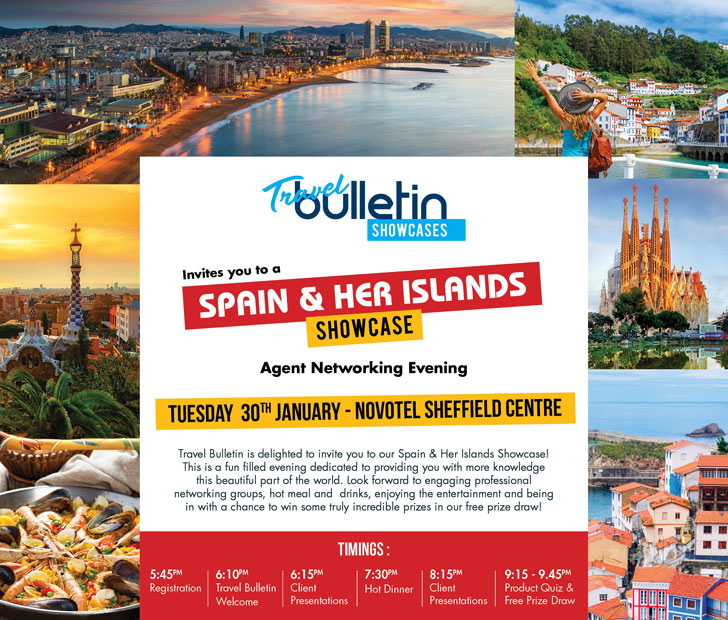 Spain & Her Islands Showcase, Sheffield
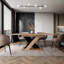 Rectangular 120Cm L x 80Cm W Dining Table-1726366860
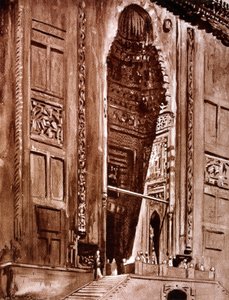 Ingresso alla Moschea del Sultano Hassan, 1928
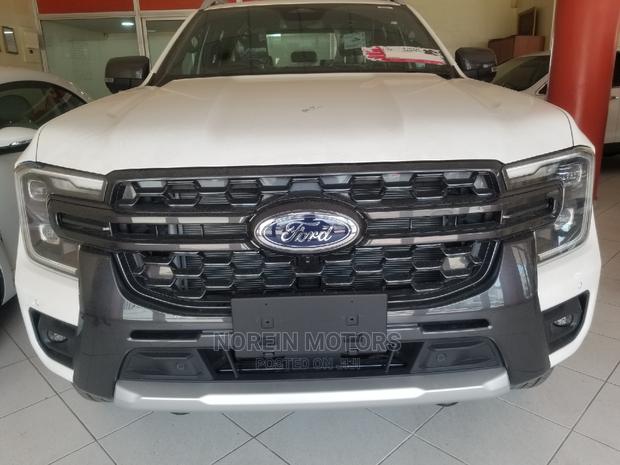 2021 Ford Ranger White: Modern and Capable Pickup Truck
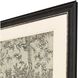 Wooded Landscape Brown and Beige and Neutral and Sepia Framed Art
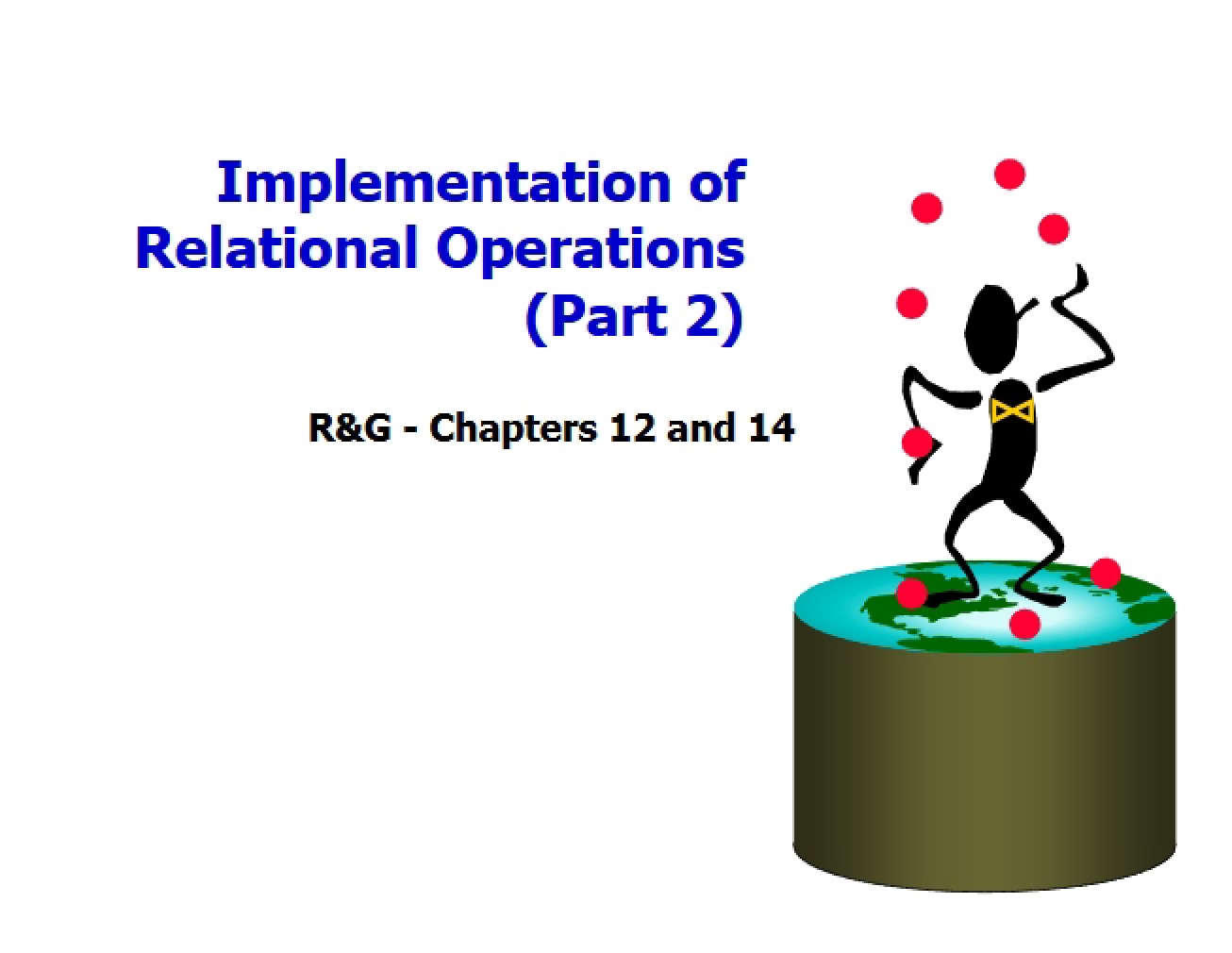 Relational Operations Implementation
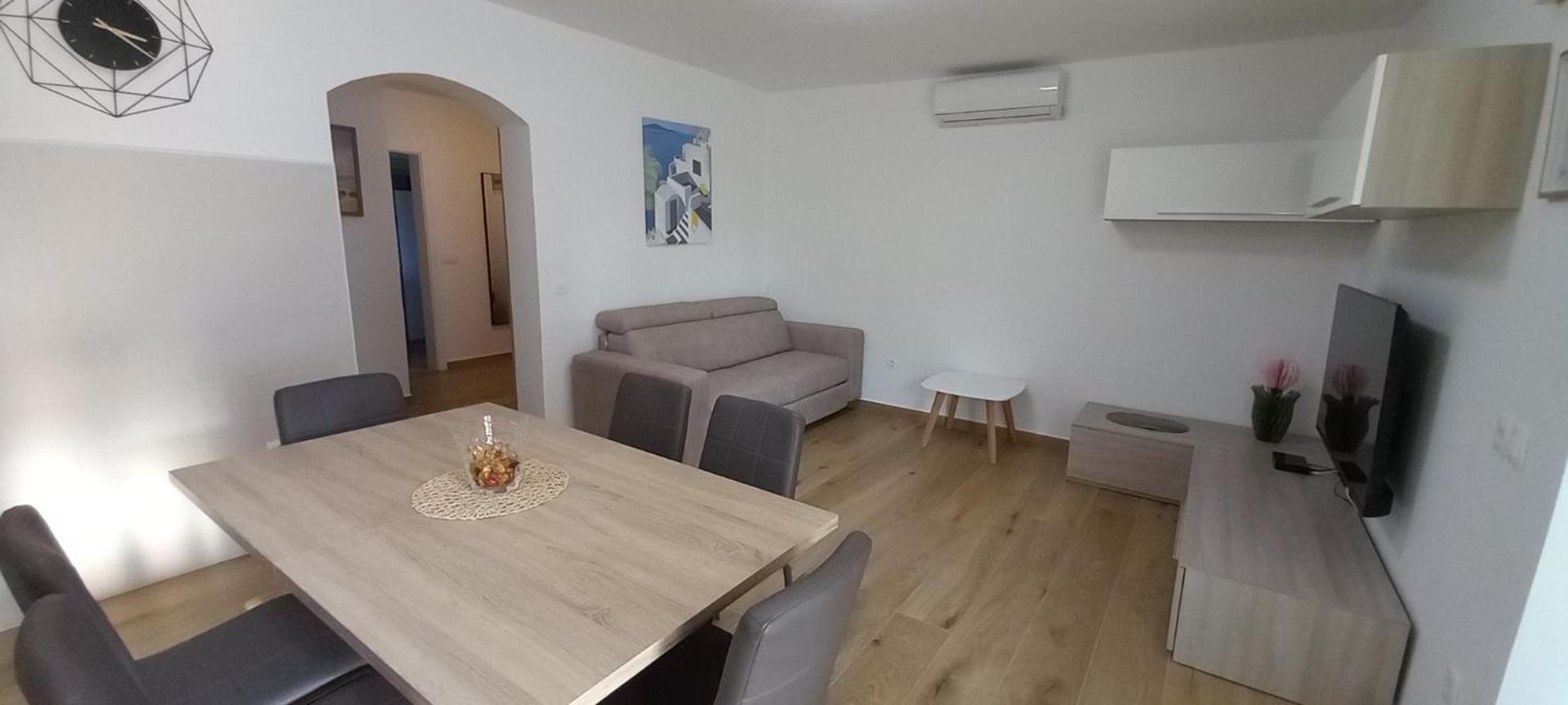 Villa Bianca - Apartment With Private Pool Privlaka  Εξωτερικό φωτογραφία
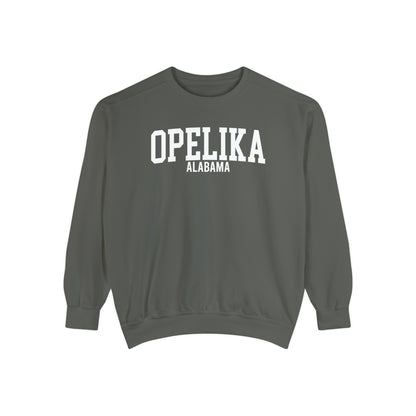 Opelika Alabama Comfort Colors Sweatshirt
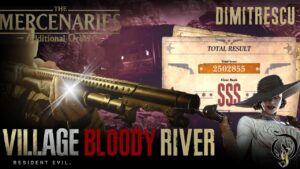【バイオ8 DLC マーセ・ドミトレスク】Bloody River/SSS RANK・RE VILLAGE The Mercenaries Additional Orders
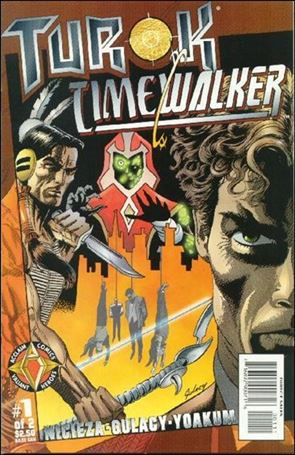 Turok, Timewalker: Seventh Sabbath Cover Image 1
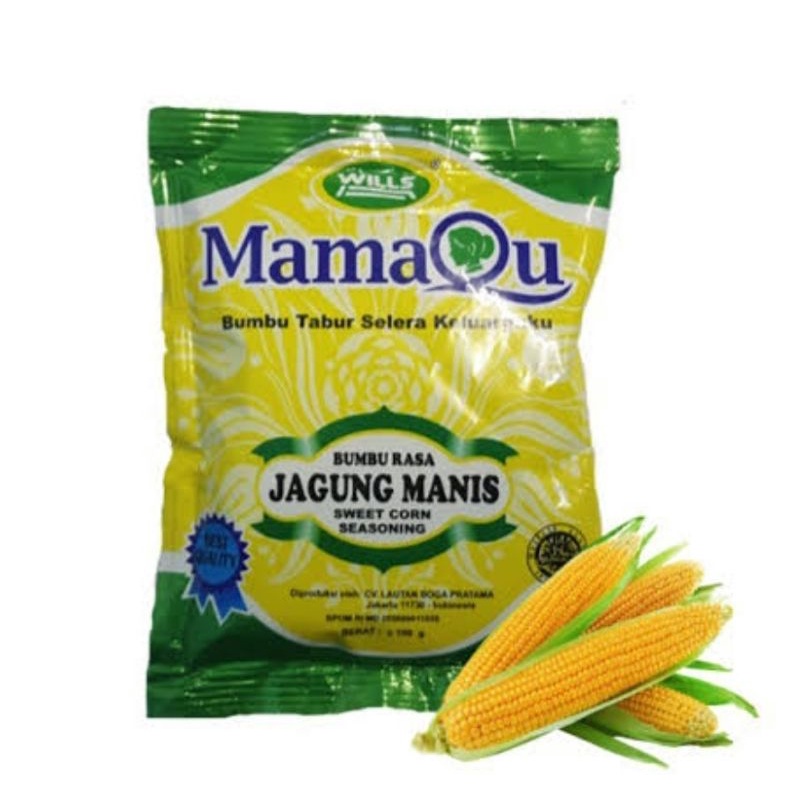 

MAMAQU Bumbu tabur rasa jagung manis 100 gram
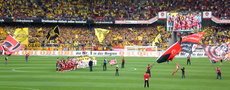 GLUBB: UNSER SENFT ZUM DRITTEN HEIMSPIEL 2012 GECHEN DEN BVB (1.9.2012)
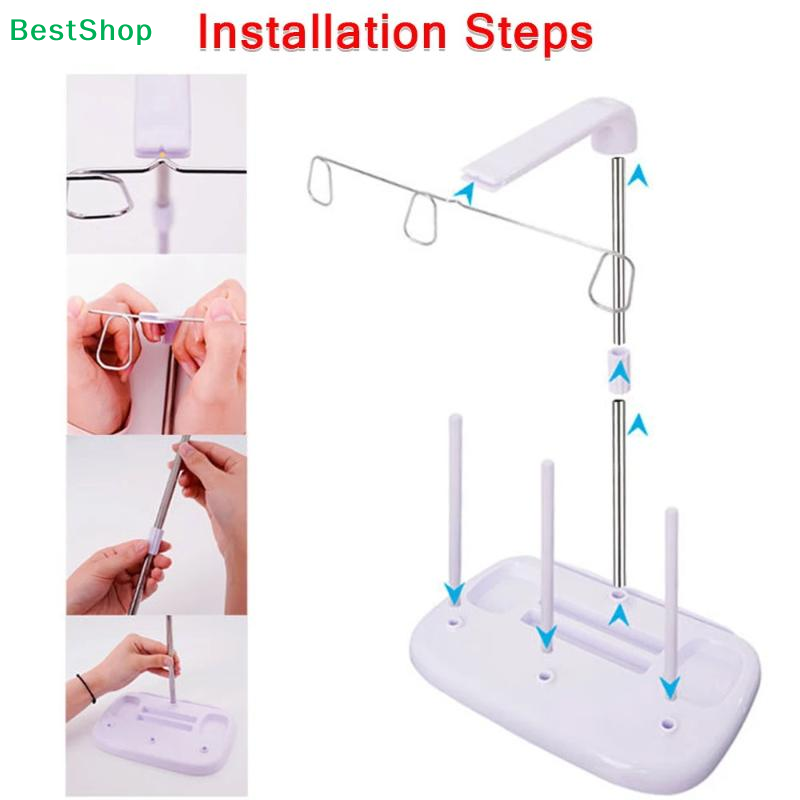 ♩Heavy-Duty Plastic Cone Threa - مراجعة Serger Thread Cone وسعره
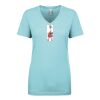 Next Level Ladies' Ideal V-Neck Tee Thumbnail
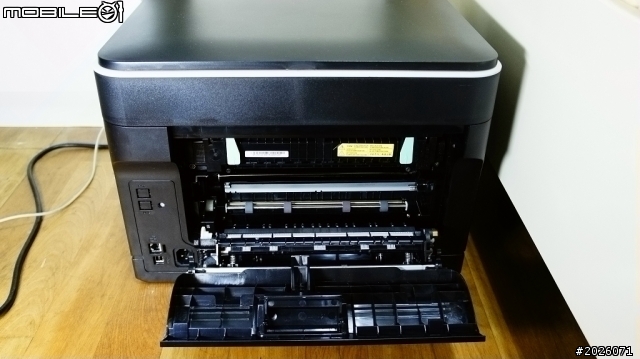 開箱 彩雷事務機~Samsung CLX-3185N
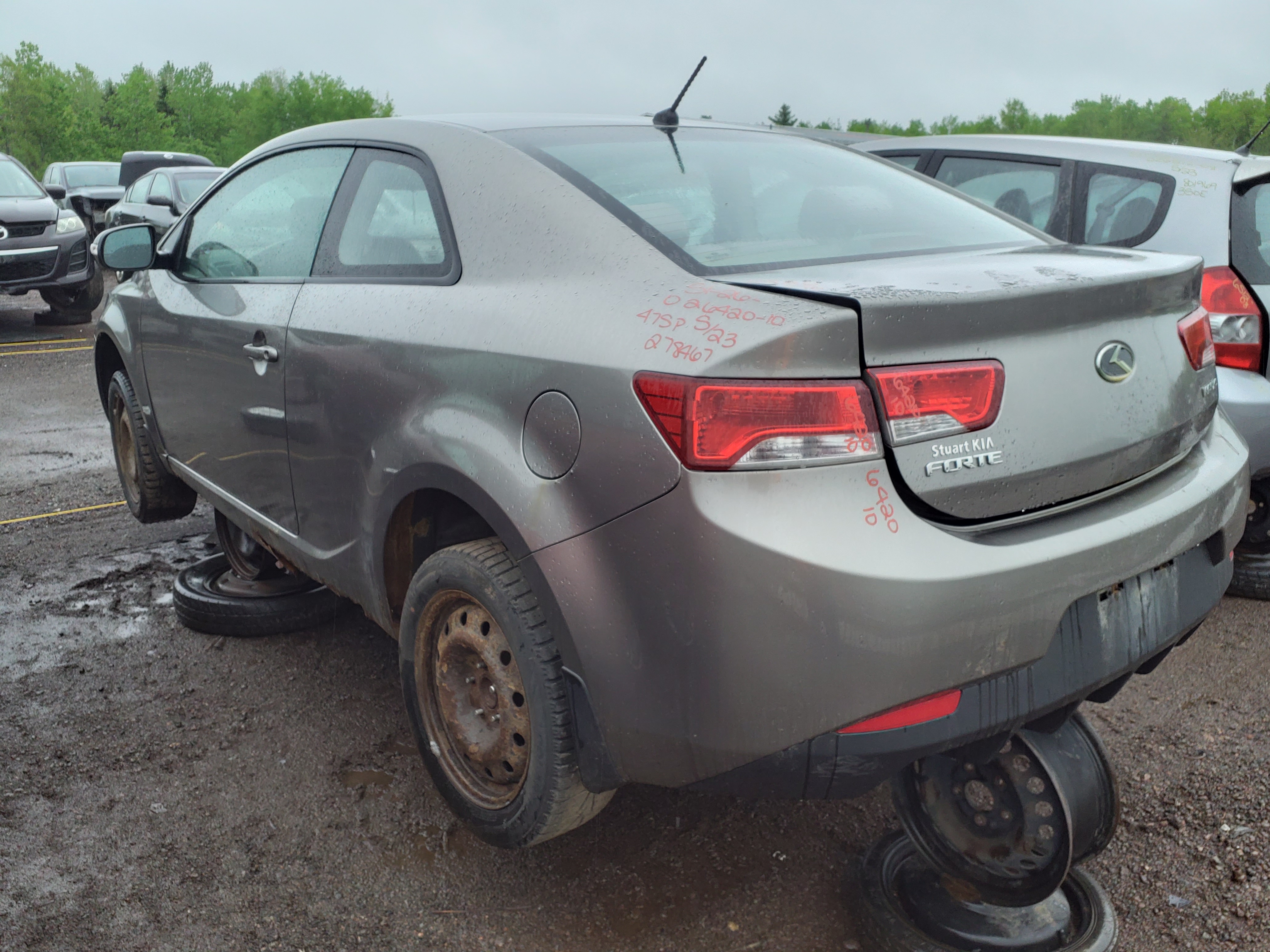 KIA FORTE 2010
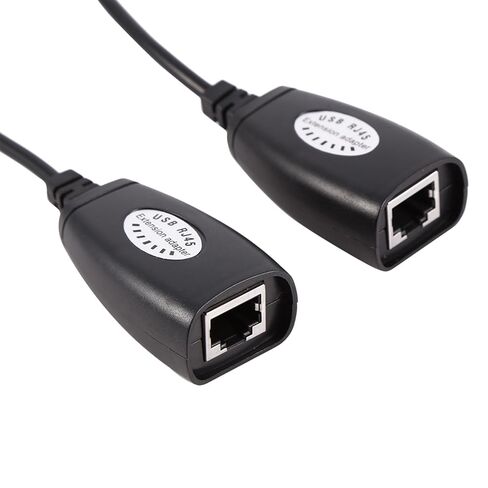 aqxreight USB to RJ45 Network Adapter Cable Flexible Wired Extender for in Saudi Arabia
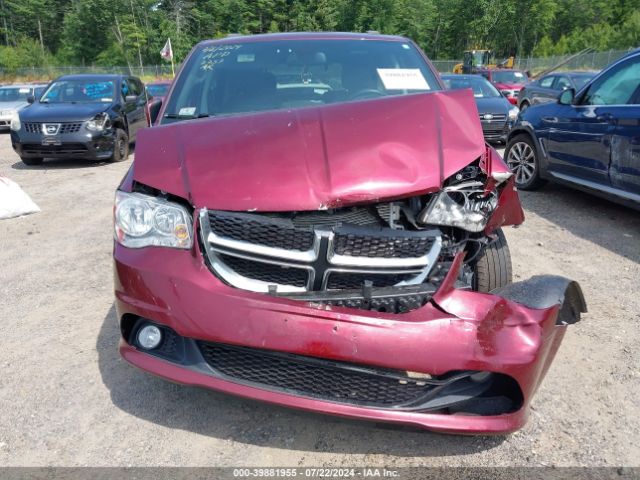 Photo 5 VIN: 2C4RDGCG7JR327757 - DODGE GRAND CARAVAN 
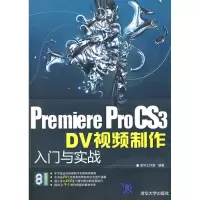 [M]PREMIEREPRO CS3 DV视频制作入门与实战(配光盘)-9787302190400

## Exercise directions:
Above are the records; repeat them all exactly, without the pictures.

## Your solution:
 Spain & Her Islands Showcase, Sheffield
 Rectangular 120Cm L x 80Cm W Dining Table-1726366860
 Ingresso alla Moschea del Sultano Hassan, 1928
 2021 Ford Ranger White: Modern and Capable Pickup Truck
 Wooded Landscape Brown and Beige and Neutral and Sepia Framed Art
 Relational Operations Implementation
 Villa Bianca - Apartment With Private Pool Privlaka  Εξωτερικό φωτογραφία
 Opelika Alabama Comfort Colors Sweatshirt
【バイオ8 DLC マーセ・ドミトレスク】Bloody River/SSS RANK・RE VILLAGE The Mercenaries Additional Orders
 Turok, Timewalker: Seventh Sabbath Cover Image 1

MAMAQU Bumbu tabur rasa jagung manis 100 gram
 GLUBB: UNSER SENFT ZUM DRITTEN HEIMSPIEL 2012 GECHEN DEN BVB (1.9.2012)
 ♩Heavy-Duty Plastic Cone Threa - مراجعة Serger Thread Cone وسعره
 Next Level Ladies' Ideal V-Neck Tee Thumbnail
 開箱 彩雷事務機~Samsung CLX-3185N
 KIA FORTE 2010
 aqxreight USB to RJ45 Network Adapter Cable Flexible Wired Extender for in Saudi Arabia
 Photo 5 VIN: 2C4RDGCG7JR327757 - DODGE GRAND CARAVAN 
 [M]PREMIEREPRO CS3 DV视频制作入门与实战(配光盘)-9787302190400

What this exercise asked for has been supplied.